Page#text does not return all the text

Question

Page#text does not return all the text

Opened this issue a year ago · 3 comments

For some reason PDF::Reader#text does not return all the text on a PDF file I'm scanning. Albeit I'm able to get the text by looking at the runs directly. Here is the file: https://hacktivista.org/tmp/2700968.pdf

The text I'm unable to get through #text is LECTURA ACTUAL 15-MAY-2023

Answer 1 · 2023-06-16T18:01:54.000Z

For the time being I just monkey-patched the class to add an :unformatted option.
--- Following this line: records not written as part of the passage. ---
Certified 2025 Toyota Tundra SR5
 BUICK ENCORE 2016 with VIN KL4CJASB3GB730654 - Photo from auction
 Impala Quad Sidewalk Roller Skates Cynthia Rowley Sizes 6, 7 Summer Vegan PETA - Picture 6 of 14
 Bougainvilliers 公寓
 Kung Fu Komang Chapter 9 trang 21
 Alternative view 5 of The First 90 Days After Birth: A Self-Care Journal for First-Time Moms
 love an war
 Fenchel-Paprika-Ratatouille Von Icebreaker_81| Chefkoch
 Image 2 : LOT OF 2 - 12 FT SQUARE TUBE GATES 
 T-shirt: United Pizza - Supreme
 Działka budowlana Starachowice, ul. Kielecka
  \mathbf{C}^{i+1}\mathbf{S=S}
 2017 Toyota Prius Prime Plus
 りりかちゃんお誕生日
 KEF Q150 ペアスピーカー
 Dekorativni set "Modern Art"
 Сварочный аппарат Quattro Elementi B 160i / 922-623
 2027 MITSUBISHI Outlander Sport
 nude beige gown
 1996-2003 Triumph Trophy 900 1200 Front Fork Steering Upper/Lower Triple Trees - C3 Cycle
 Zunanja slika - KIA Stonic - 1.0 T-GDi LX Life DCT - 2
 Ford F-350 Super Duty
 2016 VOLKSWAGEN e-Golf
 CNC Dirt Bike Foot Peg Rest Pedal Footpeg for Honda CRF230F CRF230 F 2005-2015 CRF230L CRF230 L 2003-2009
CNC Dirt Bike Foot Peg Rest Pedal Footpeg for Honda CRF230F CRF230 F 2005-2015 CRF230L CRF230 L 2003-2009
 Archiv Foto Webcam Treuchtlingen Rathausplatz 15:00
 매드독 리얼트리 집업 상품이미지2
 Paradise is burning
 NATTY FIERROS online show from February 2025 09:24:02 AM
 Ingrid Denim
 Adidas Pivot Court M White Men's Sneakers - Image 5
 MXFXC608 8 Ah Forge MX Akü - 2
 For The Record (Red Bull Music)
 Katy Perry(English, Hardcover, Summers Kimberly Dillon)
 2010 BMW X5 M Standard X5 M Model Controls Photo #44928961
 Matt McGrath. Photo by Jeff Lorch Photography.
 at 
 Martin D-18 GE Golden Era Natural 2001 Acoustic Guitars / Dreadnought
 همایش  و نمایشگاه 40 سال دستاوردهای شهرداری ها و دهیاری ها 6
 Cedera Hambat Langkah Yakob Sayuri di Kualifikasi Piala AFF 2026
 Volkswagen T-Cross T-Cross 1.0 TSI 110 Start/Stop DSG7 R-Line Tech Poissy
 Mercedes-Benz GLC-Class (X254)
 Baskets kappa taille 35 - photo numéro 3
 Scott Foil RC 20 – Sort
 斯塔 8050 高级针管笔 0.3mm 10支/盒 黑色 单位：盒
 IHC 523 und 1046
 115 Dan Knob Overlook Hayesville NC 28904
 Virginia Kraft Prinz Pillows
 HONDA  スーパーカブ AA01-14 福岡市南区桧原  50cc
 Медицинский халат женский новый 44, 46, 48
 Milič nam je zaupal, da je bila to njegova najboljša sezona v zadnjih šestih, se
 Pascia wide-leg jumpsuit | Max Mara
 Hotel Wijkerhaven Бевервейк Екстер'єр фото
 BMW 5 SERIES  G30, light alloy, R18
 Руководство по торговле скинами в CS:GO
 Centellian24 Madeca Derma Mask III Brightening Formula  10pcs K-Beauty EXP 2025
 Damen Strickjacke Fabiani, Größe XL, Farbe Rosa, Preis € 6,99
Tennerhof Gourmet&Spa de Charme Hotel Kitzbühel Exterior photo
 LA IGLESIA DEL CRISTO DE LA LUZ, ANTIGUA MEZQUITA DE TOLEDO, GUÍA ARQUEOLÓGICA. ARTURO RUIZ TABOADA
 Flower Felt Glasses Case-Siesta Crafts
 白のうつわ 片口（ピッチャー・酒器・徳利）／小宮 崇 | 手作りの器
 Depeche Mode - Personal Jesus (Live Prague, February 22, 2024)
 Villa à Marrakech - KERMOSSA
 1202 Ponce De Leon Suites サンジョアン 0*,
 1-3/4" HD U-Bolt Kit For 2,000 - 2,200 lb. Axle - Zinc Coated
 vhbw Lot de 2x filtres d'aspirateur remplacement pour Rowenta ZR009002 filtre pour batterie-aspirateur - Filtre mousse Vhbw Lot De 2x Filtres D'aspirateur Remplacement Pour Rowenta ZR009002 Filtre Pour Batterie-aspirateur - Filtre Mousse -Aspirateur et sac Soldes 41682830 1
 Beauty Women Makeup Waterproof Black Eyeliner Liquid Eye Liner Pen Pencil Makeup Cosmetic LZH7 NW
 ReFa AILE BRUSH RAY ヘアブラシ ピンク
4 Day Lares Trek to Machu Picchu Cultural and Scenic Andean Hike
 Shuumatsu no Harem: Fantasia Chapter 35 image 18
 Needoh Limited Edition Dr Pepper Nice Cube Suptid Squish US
I'll leave it here:

require 'pdf/reader'

module PDF
  class Reader
    # PDF::Reader::Page monkey patches.
    class Page
      alias_method :_text, :text
      remove_method :text

      # @param [Hash] opts Adds :unformatted option.
      def text(opts = {})
        return runs.map(&:text).join(' ') if opts[:unformatted]

        _text(opts)
      end
    end
  end
end

Answer 2 · 2023-10-24T13:20:55.000Z

Had the same issue as well, looking forward to see a fix merged in the library.
In in the meantime, thanks @hacktivista for this monkey patch.

Answer 3 · 2024-04-22T17:39:46.000Z

Having the same issue!